───── DATA SHOWN
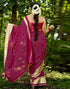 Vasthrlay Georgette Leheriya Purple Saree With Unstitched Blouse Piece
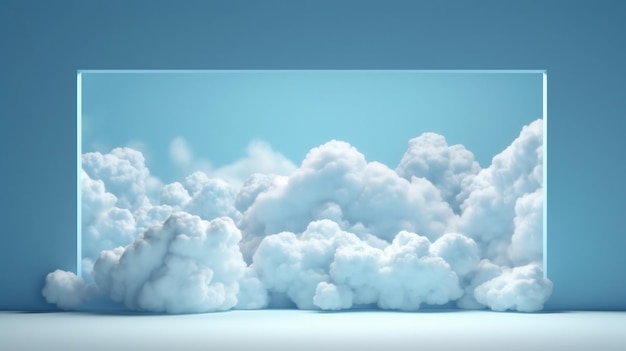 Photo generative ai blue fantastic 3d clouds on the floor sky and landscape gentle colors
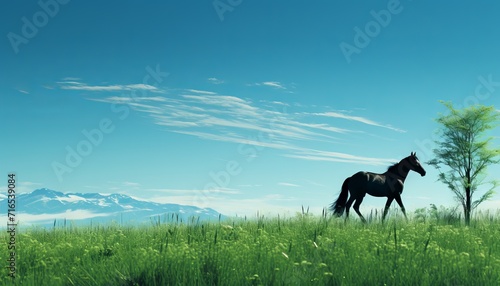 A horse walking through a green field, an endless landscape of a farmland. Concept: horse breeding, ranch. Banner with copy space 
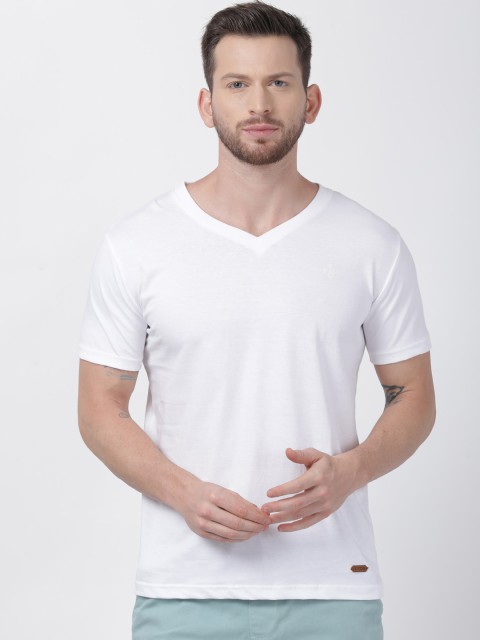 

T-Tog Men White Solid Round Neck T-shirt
──────────
───── DATA SHOWN
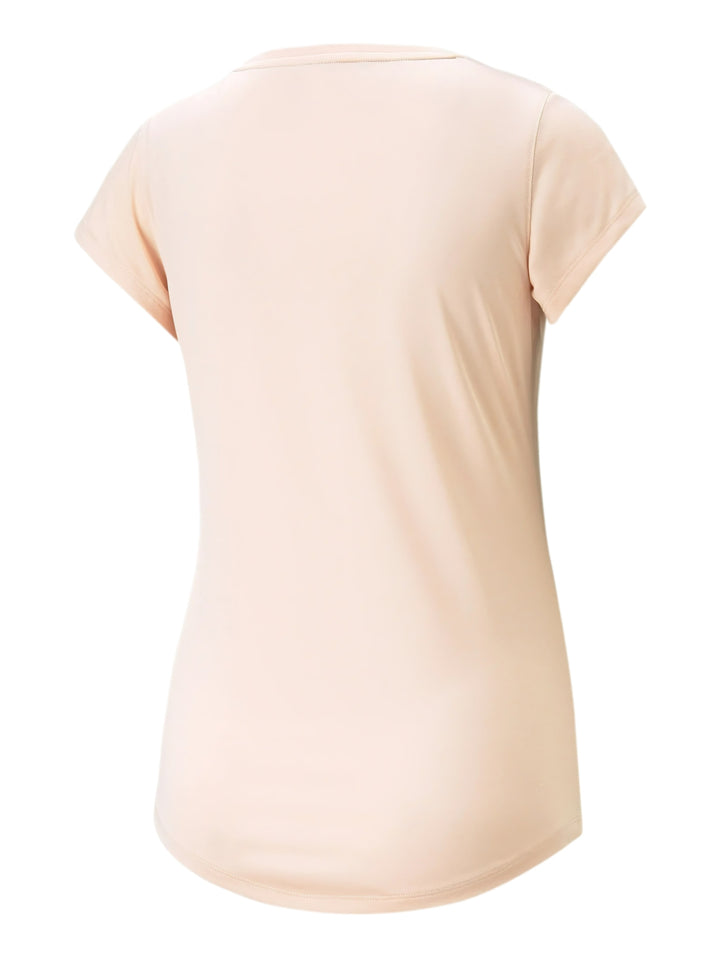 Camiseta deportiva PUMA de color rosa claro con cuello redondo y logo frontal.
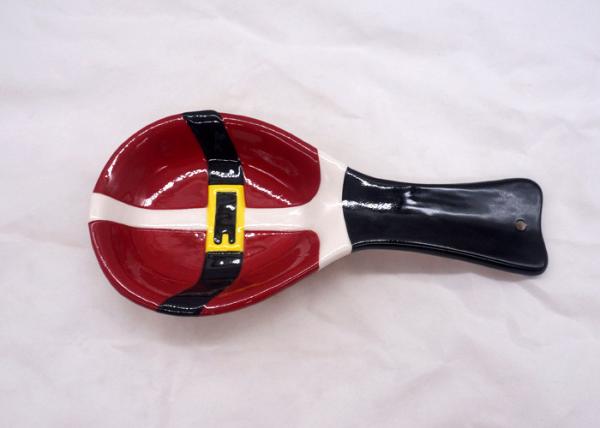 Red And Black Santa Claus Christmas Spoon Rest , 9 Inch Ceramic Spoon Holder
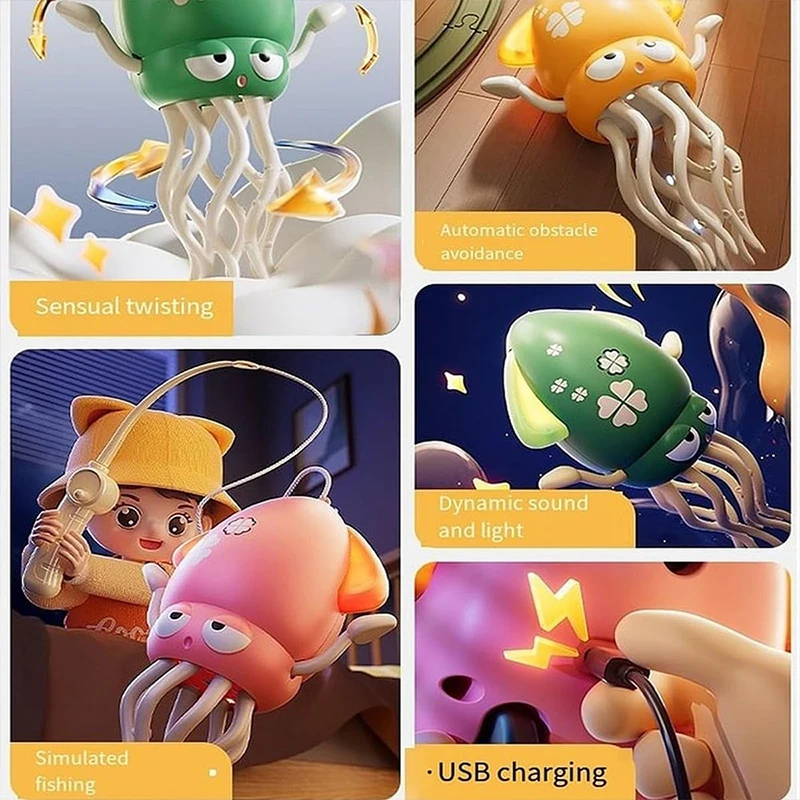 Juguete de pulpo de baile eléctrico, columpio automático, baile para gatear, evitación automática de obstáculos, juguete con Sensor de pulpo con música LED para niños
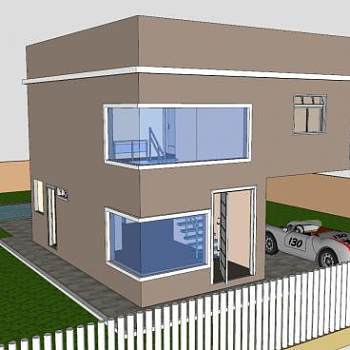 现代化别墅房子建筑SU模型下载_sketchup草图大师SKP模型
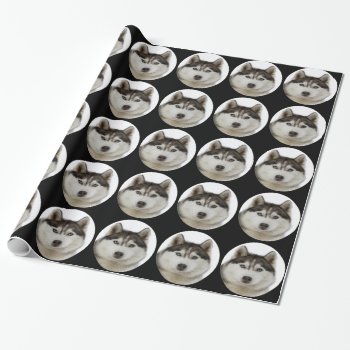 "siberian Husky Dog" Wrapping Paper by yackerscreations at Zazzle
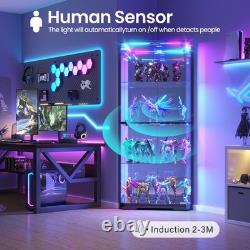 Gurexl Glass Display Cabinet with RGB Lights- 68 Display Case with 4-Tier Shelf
──────────
== WHAT IS BEING ASKED ==
Print exactly, with no pictures, the lines above from the one that holds "A horse walking" through the one that holds "T-Tog Men White Solid Round Neck T-shirt", both of them included.

== THE ANSWER ==
 A horse walking through a green field, an endless landscape of a farmland. Concept: horse breeding, ranch. Banner with copy space 

T-Tog Men White Solid Round Neck T-shirt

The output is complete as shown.